*GIVEN INFORMATION*:
[Start of Attachment]

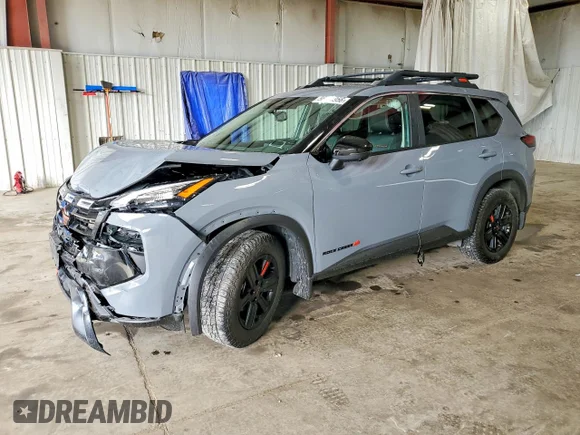 ✅ 2025 Nissan Rogue Rock Creek • VIN: 5N1BT3BB4SC818134 • Lot: 56980956. Wystawiony na Copart z przebiegiem 16 910 mil. Bezpłatny archiwum sprzedaży aukcyjnych z USA i szczegółowy raport historii pojazdu na DreamBid. Zdjęcie 1.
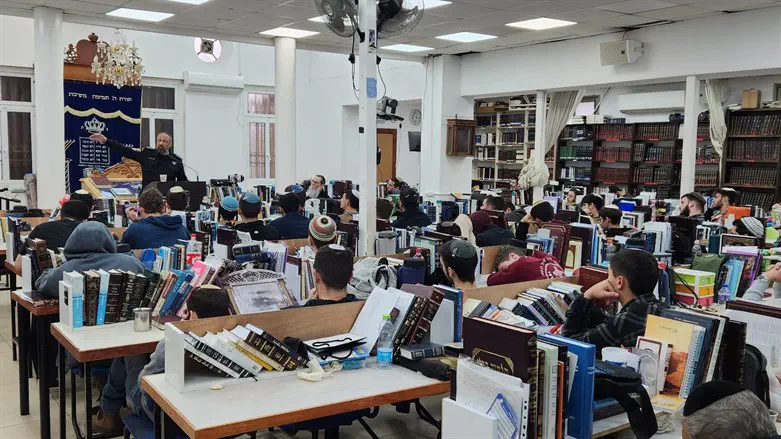 רב המשטרה בישיבה ביפו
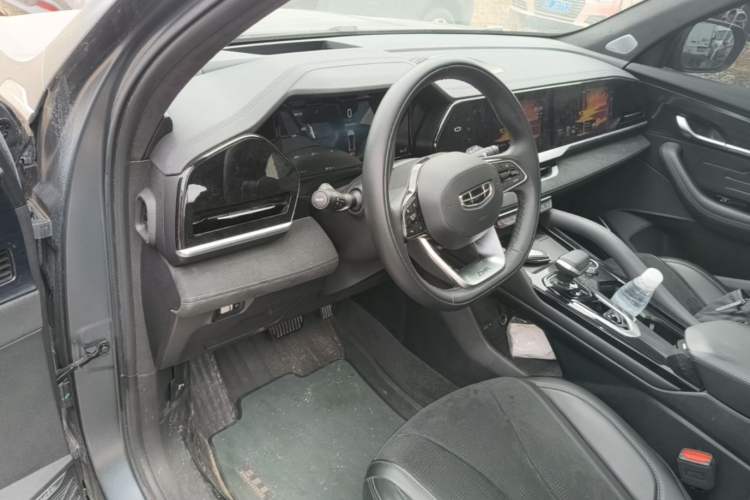 Used Geely Auto Monjaro L 2024 2.0TD High-Power Automatic Two-Wheel Drive Skyline Edition Center Console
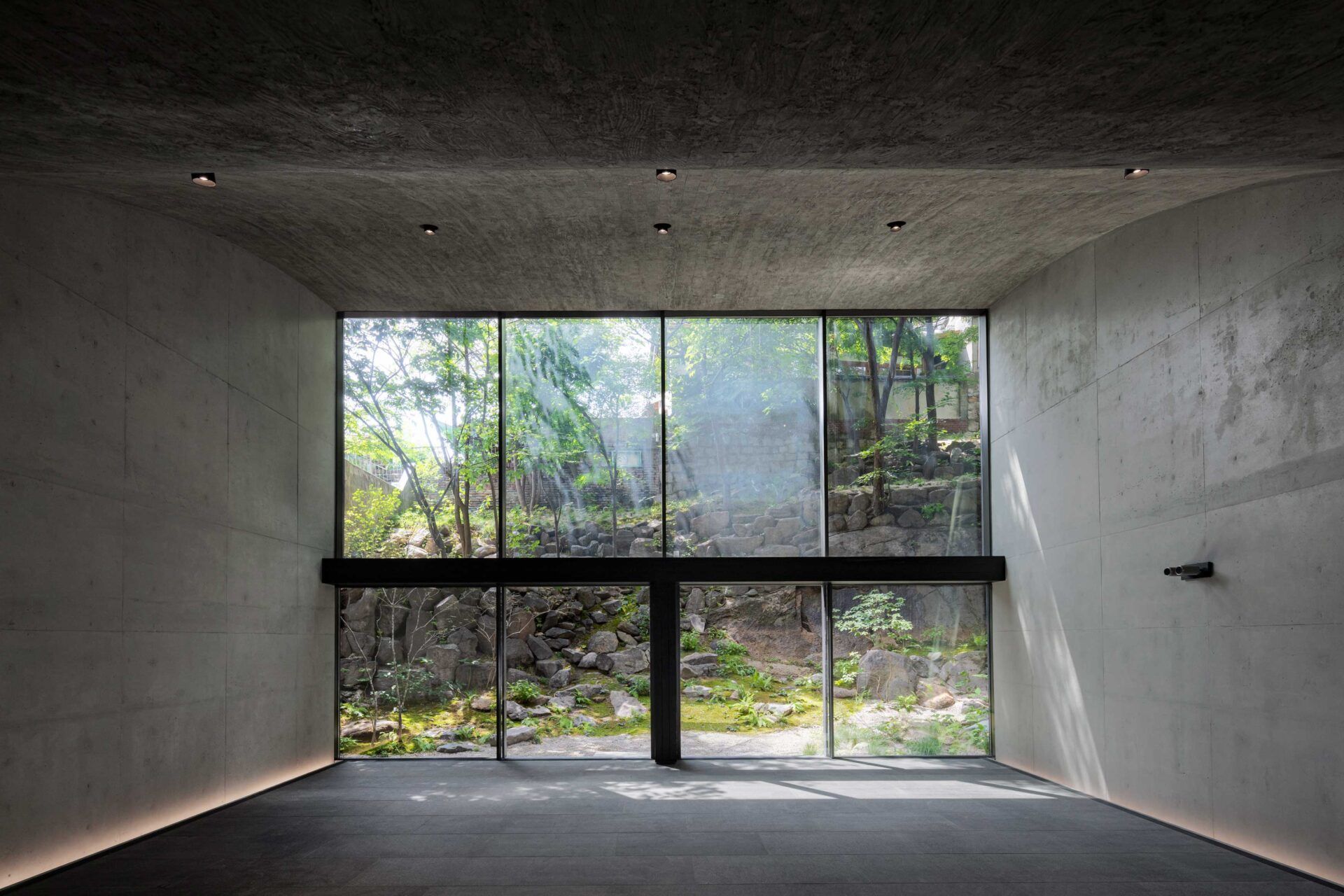 A Customisable Industrial Chic Venue WIth Steel Beams in Seoul.jpg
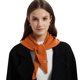 thumbnail image 1 of Bufanda triangular de lana merino ACUSHLA – Naranja, 1 of 6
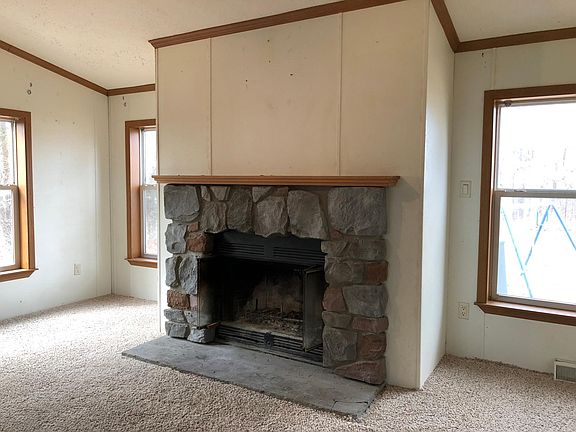 WHAT A WONDERFUL FIREPLACE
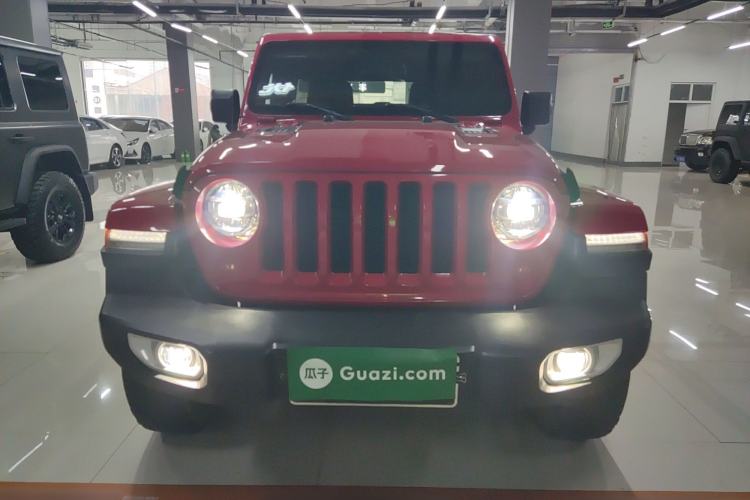 Used  Wrangler 2019 2.0T Sahara Four-Door Version China VI Emission Standard
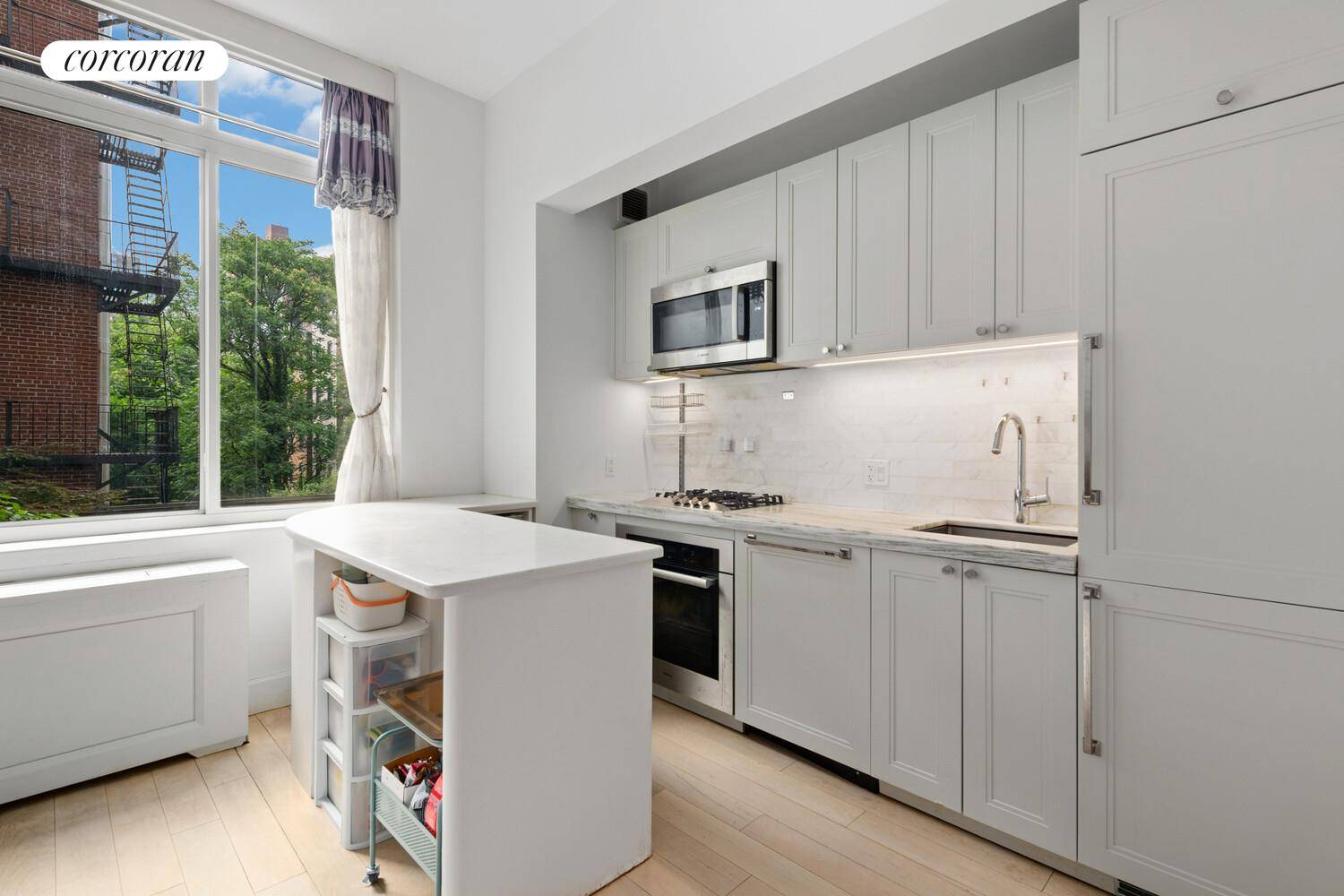 Welcome to 389 East 89th Street, Residence 4J, a beautiful loft like luxury studio condo designed by world renowned Paris Forino.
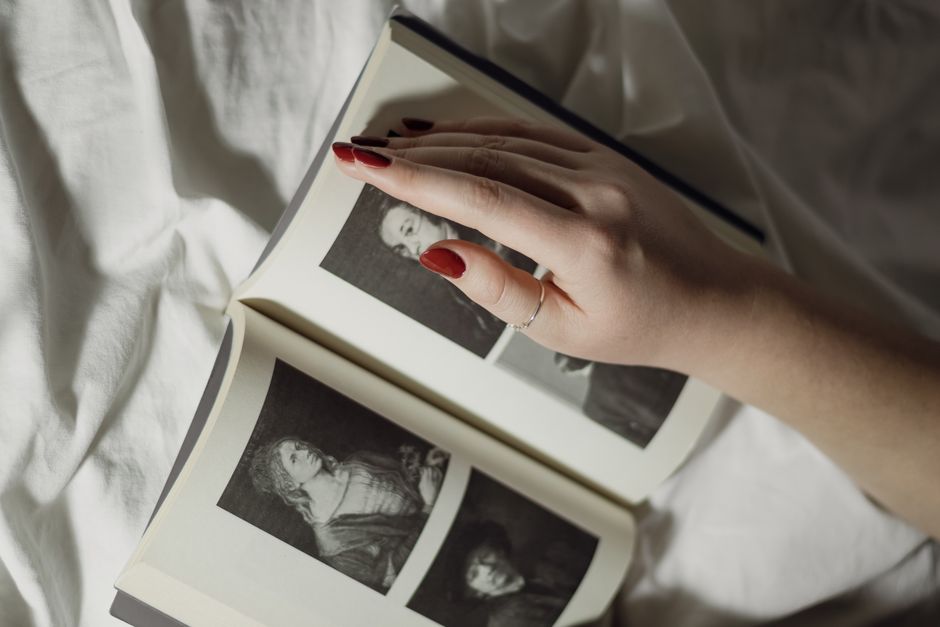 The Almond Milk Manicure: The Quiet Luxury Nail Trend That’s Taking Over 2026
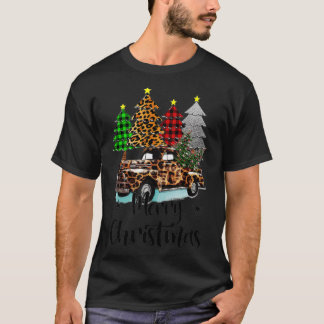 Vrolijk kerstcadeautje met kerstboom t-shirt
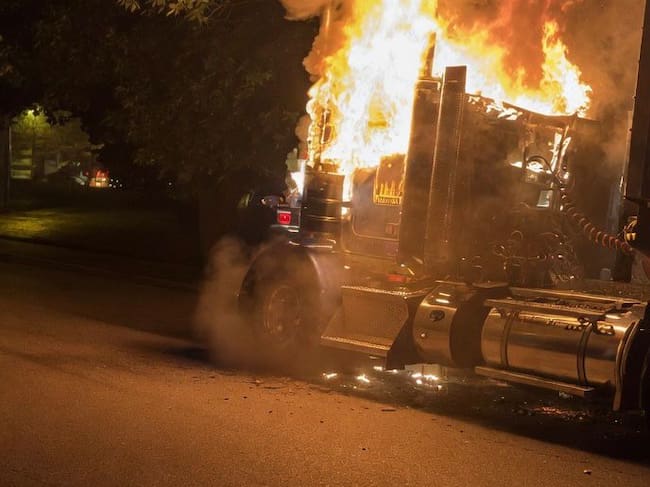 Vehículo incinerado en vías de Antioquia. Foto: Cortesía Redes Sociales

[End of Attachment]

*WORK REQUEST*: Set down word for word every line from the one containing "thumbnail image 1" through the last line of the records above, both ends included. Leave out the pictures.

*WRITTEN SOLUTION*:
 thumbnail image 1 of Bufanda triangular de lana merino ACUSHLA – Naranja, 1 of 6
 WHAT A WONDERFUL FIREPLACE
 Used  Wrangler 2019 2.0T Sahara Four-Door Version China VI Emission Standard
 Welcome to 389 East 89th Street, Residence 4J, a beautiful loft like luxury studio condo designed by world renowned Paris Forino.
 The Almond Milk Manicure: The Quiet Luxury Nail Trend That’s Taking Over 2026
 Vrolijk kerstcadeautje met kerstboom t-shirt
 Vehículo incinerado en vías de Antioquia. Foto: Cortesía Redes Sociales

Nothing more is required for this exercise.